Carr got the deal he wanted. The 26-year old found market value and upped the ante for NFL quarterbacks a smidge while deferring some cash payouts – his big-time bonuses are broken up over two years -- to create windows of financial flexibility to sign other players. Carr’s percentage of the salary cap should decrease over time and won’t become an insurmountable burden to his employers. His deal won’t prevent the Raiders from keeping Jackson, Mack, Amari Cooper in time, or other vital veterans in house.

With Carr locked up, the McKenzie can work deals and the timing of them around his centerpiece.

Carr understands the NFL business and his role in the market, but he wants to maintain a competitive window as best he can and understands other guys will draw huge paychecks in the near future.
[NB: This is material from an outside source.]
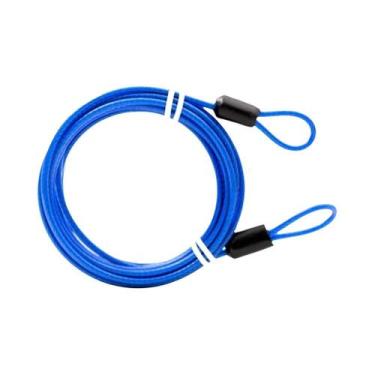 Imagem de Cabo De Aço Revestido Antifurto De 2m Para Bagagem, Equipamentos De Vi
He’s scheduled to draw the NFL’s largest sum next season. A record $25 million is headed his way, though that total will decrease a bit in time and will certainly he surpassed by Matthew Stafford and possibly Kirk Cousins in the near future.
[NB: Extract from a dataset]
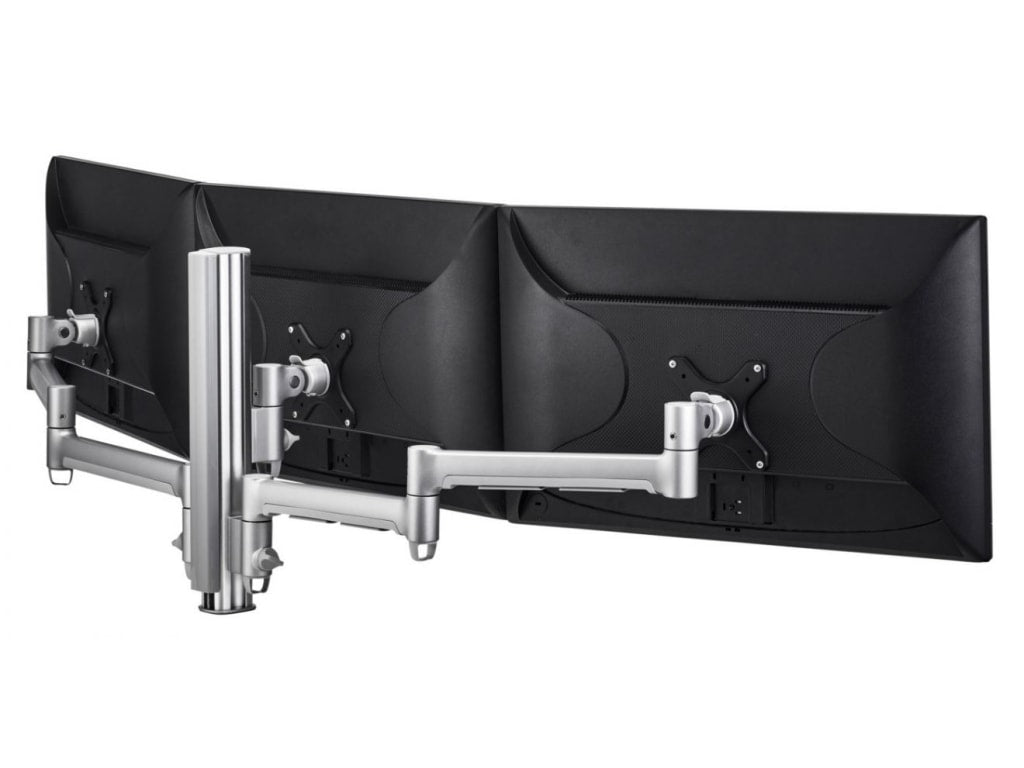 Atdec AWMS-3-13714-F-B Triple Monitor Arms (Black)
“I don’t care if they all do. We got our contract done, that’s all that matters to me,” Carr said. “The other thing that was important to me is that we didn’t worry about what other people were going to do or doing. I just wanted to get mine done and make sure that the team had, again like we talked about, flexibility to make sure my friends stay around.”

Carr was intimately involved in the negotiation process. Both sides said it was easy, wrapped up well before Carr’s training-camp contract deadline. Common ground was found in short shrift once talks warmed up – preliminary talks started months ago -- and a deal was ironed out that produced smiles on both sides once the deal was formally done.
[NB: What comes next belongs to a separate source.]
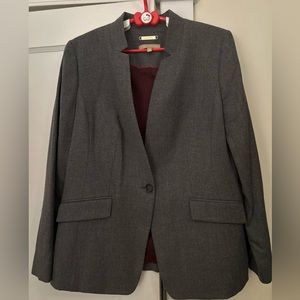 NWOT Talbots gray blazer. Size 12.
Even after taking a relatively soft-line stance on dollars and the timing of payments – Carr could’ve been difficult all year and eventually forced a franchise tag – he’s still the league’s highest-paid player. His salary will now be compared with his stats. He was a second-round draft steal before. Now he’s a big-money player. In short, expectations will rise.

Carr insists it won’t add pressure to next year’s proceedings.

“You could give me a dollar, you could give me $25 million, it doesn’t matter,” Carr said. “To me, my No. 1 goal is to make sure that I give everything that I have to this organization. There’s no pressure. There’s no we’ll be on the 1-yard line and I won’t give it to Marshawn (Lynch), I’ll throw it. None of that stuff. I don’t care about the stats. That’s not my No. 1 objective. I don’t care if I throw 10 touchdowns next year. If we win every game, that’s all I care about.”